Trump-Besuch mit Fragezeichen
Im Fokus der Anleger stand der Besuch von US-Präsident Donald Trump in China. Die Ankündigungen, wonach Zölle keine Rolle spielten und China stattdessen Milliardeninvestitionen in den USA zusagen wolle, stießen bei vielen Marktbeobachtern auf Skepsis. Die Glaubwürdigkeit dieser Aussagen wird angezweifelt.
Iran und Ölpreis im Fokus
Zusätzlich belastet die anhaltende Unsicherheit um die weitere Entwicklung im Iran. In diesem Umfeld zog der Ölpreis spürbar an. Ein Fass der Nordseesorte Brent verteuerte sich bis Freitagnachmittag auf 109,00 US-Dollar, ein Zuwachs von 3,1 Prozent.

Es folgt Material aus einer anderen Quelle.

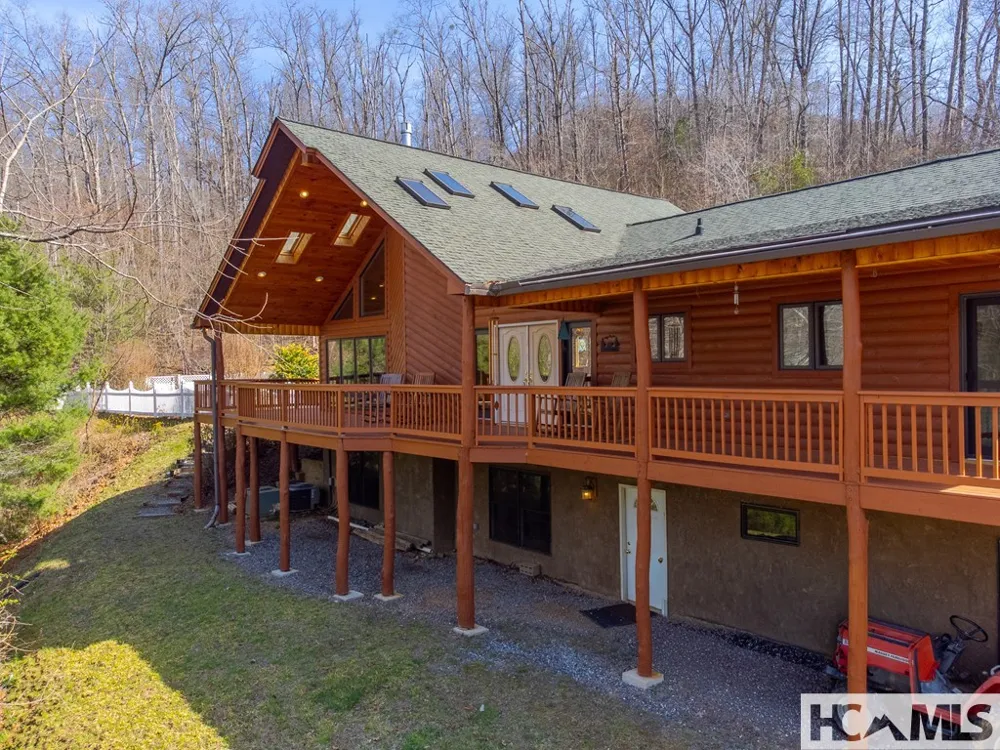 112 Hawks Nest Ridge Cullowhee, NC 28723
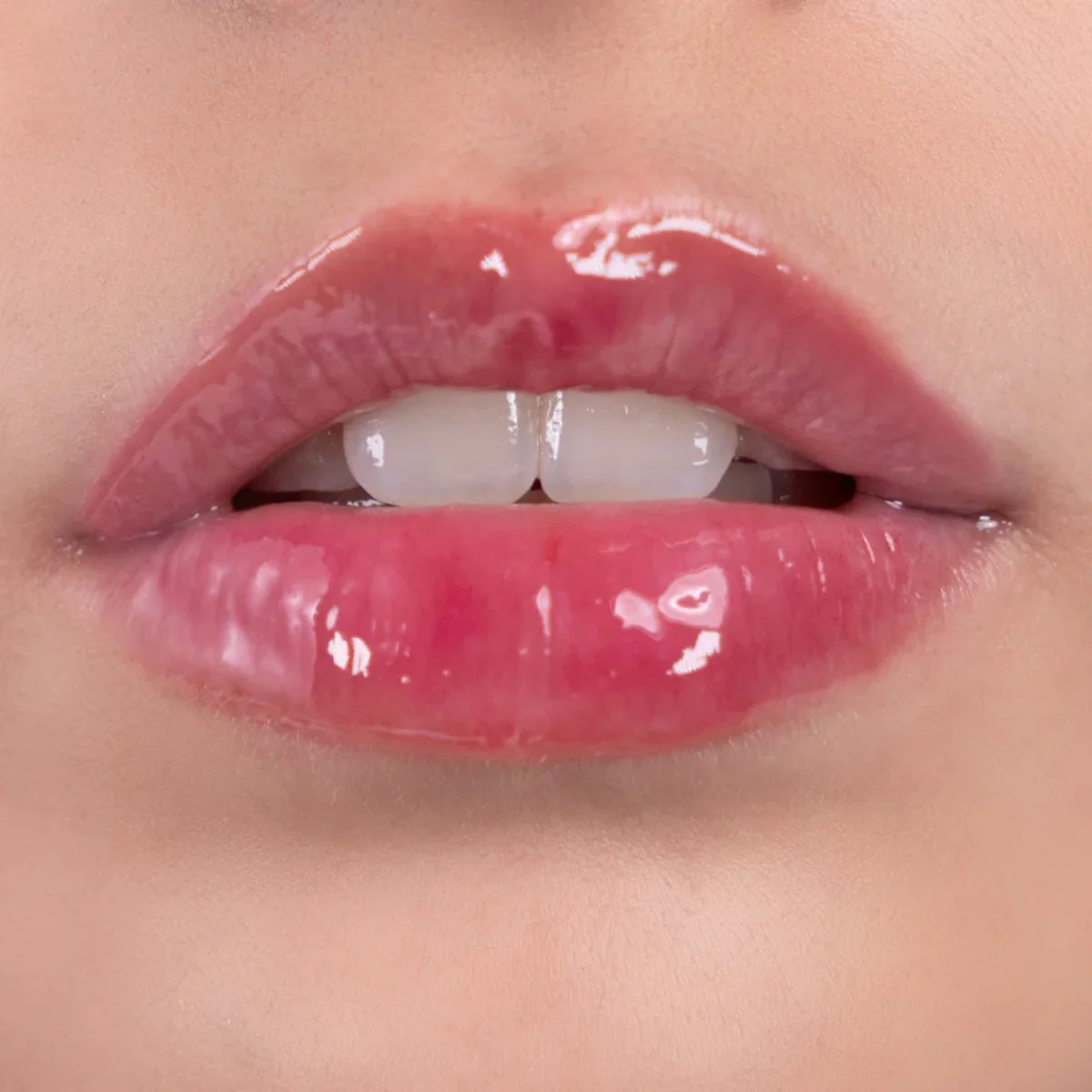 GOSSIP GLOSS Lesk na pery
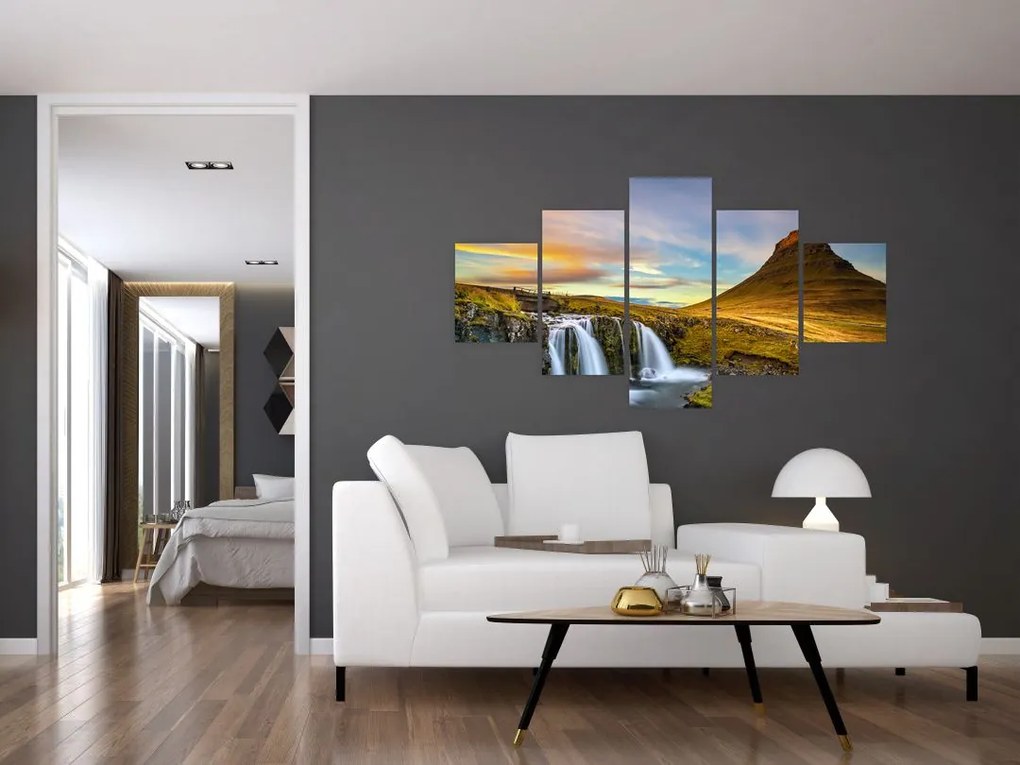 Zdjęcie góry i wodospadów na Islandii (125x70 cm)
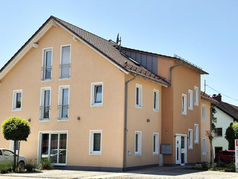 Alte Sparkasse - heute Ärztehaus in Moosinning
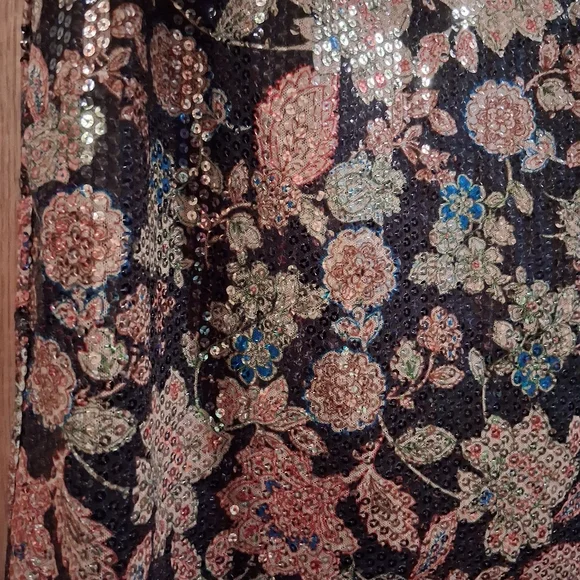 Vince Camuto Black Floral-Print Sequined Skirt Large, 17 Across Waist , 27 Long - Picture 3 of 6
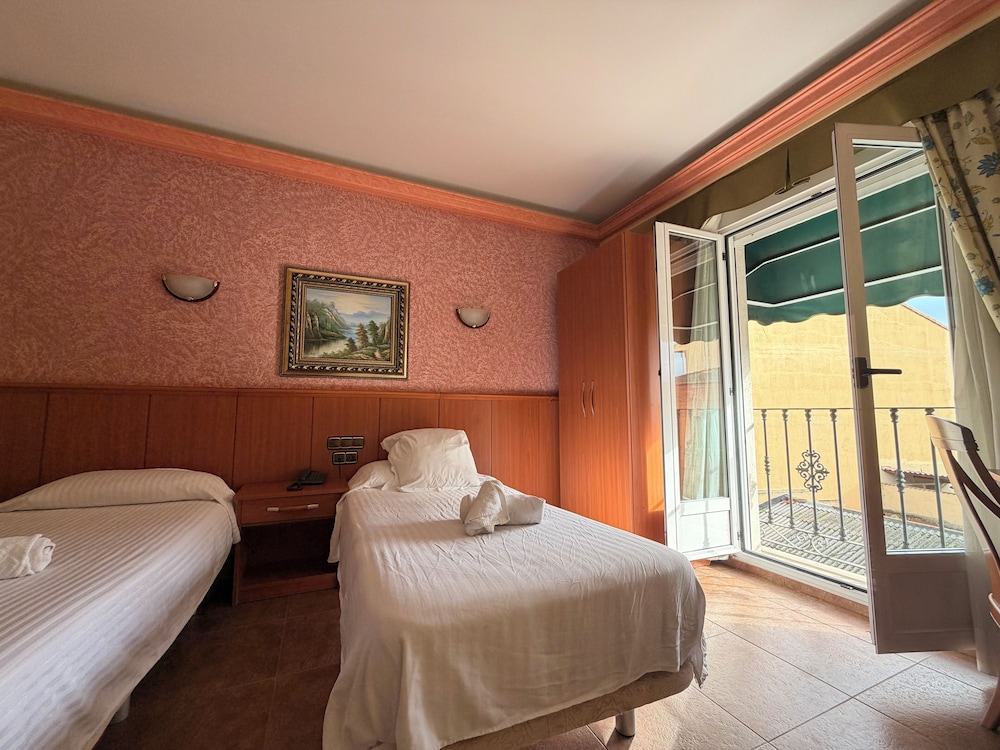 Hotel Real de Castilla 26/50
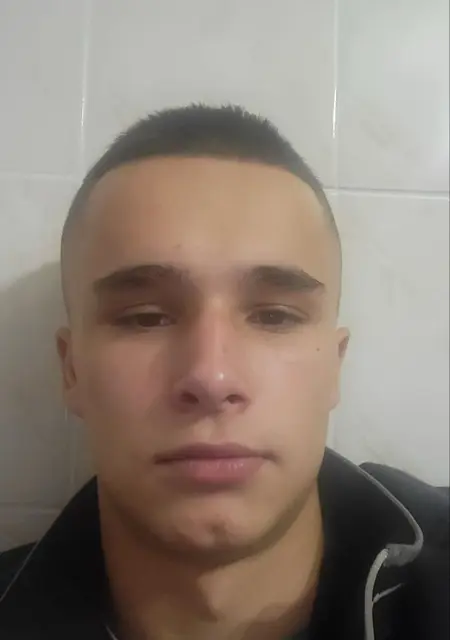 Я Назарій, 18, знакомлюсь для открытые отношения в Таллине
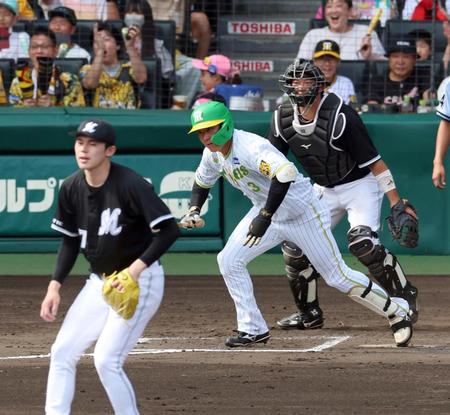 　６回、右前に先制適時打を放つ大山（投手・佐々木朗）＝撮影・山口登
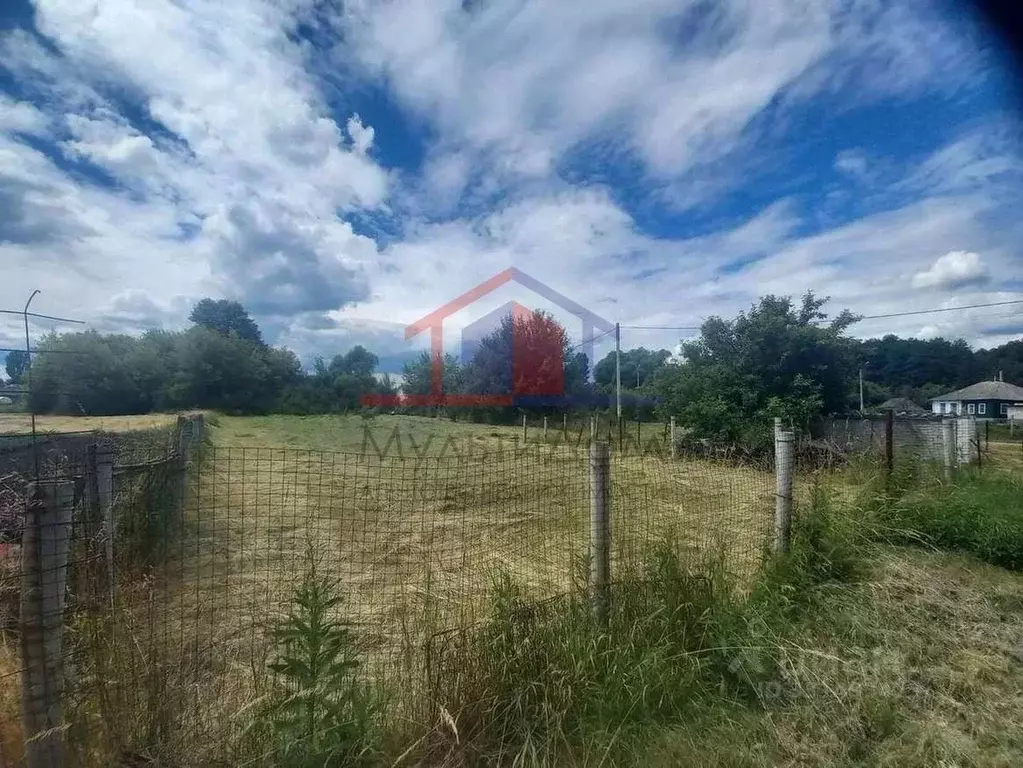 Участок в Белгородская область, Старооскольский городской округ, с. ... - Фото 1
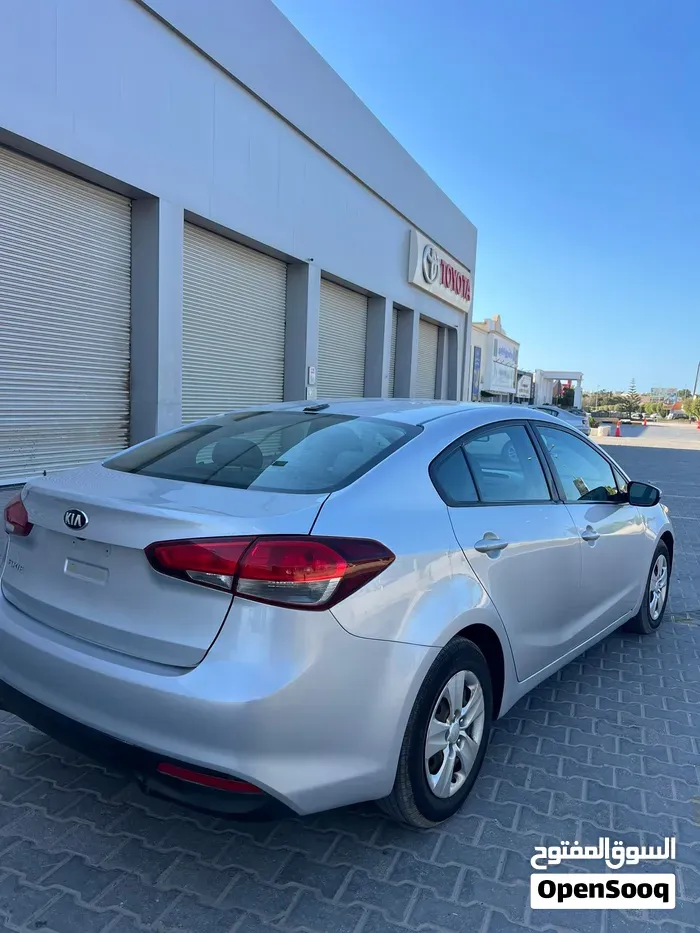 Kia Forte 2017 photo 3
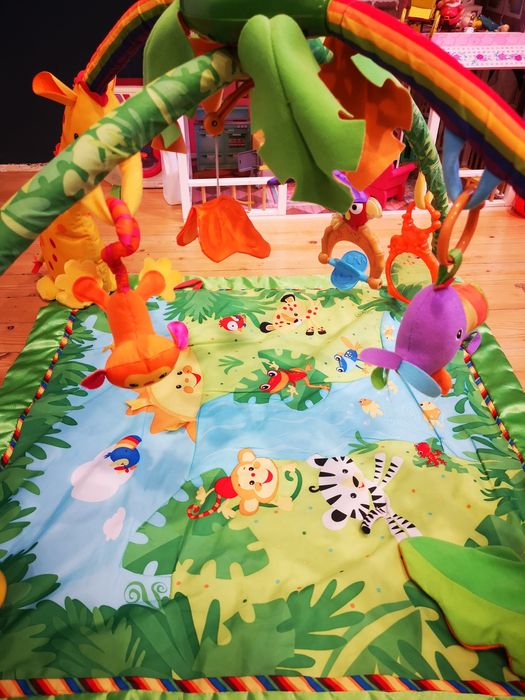 Активна гимнастика fisher price с музика и светлини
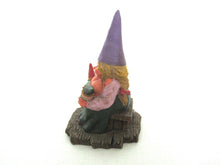 Breastfeeding Gnome figurine after a design by Rien Poortvliet 'Catherine with baby's '. Twin gift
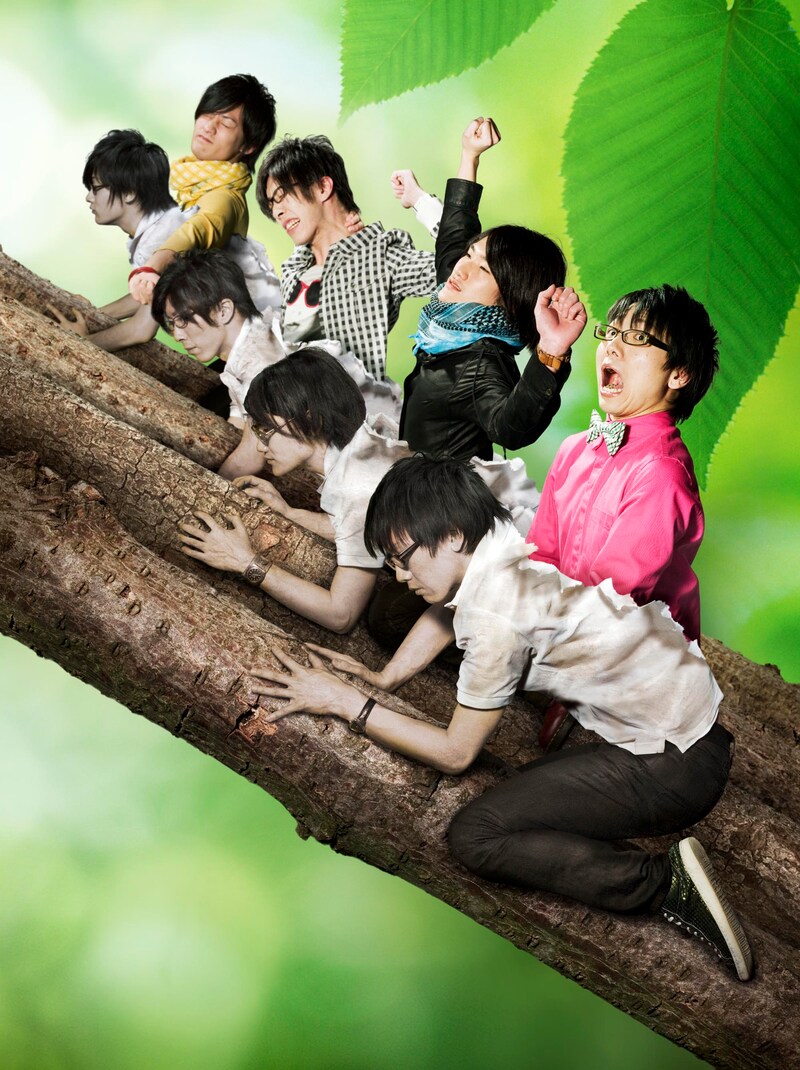 かつてのトレードマークだった白ポロシャツ+黒ブチ眼鏡から一転。脱皮完了の時が今から待ち遠しい。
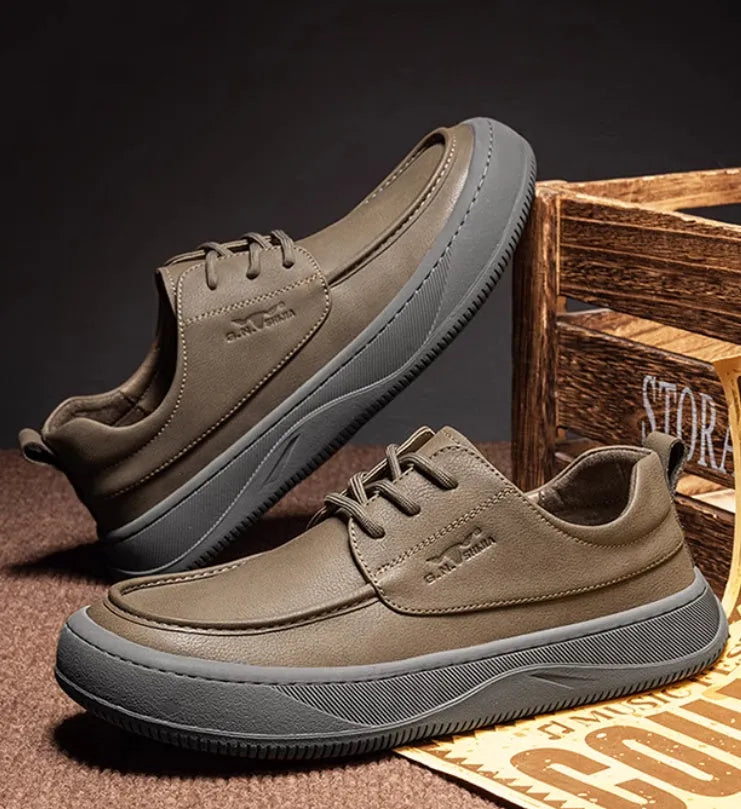 British retro brown casual leather shoes with big toe design and visible stitching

Branchen-Verlierer und -Gewinner
Besonders stark getroffen im DAX wurden die Papiere von Heidelberg Materials mit einem Kursrutsch von über sieben Prozent. Auch Siemens und MTU verzeichneten Verluste von jeweils rund fünf Prozent. Zu den wenigen Gewinnern zählten SAP-Aktien, die bis kurz vor Handelsschluss über zwei Prozent zulegten. Auch die Aktien der Rückversicherer aus Hannover und München konnten moderate Gewinne erzielen.
Euro gibt nach
Der Euro verlor am Freitagnachmittag an Wert und kostete 1,1625 US-Dollar. Umgerechnet entsprach dies 0,8602 Euro pro Dollar.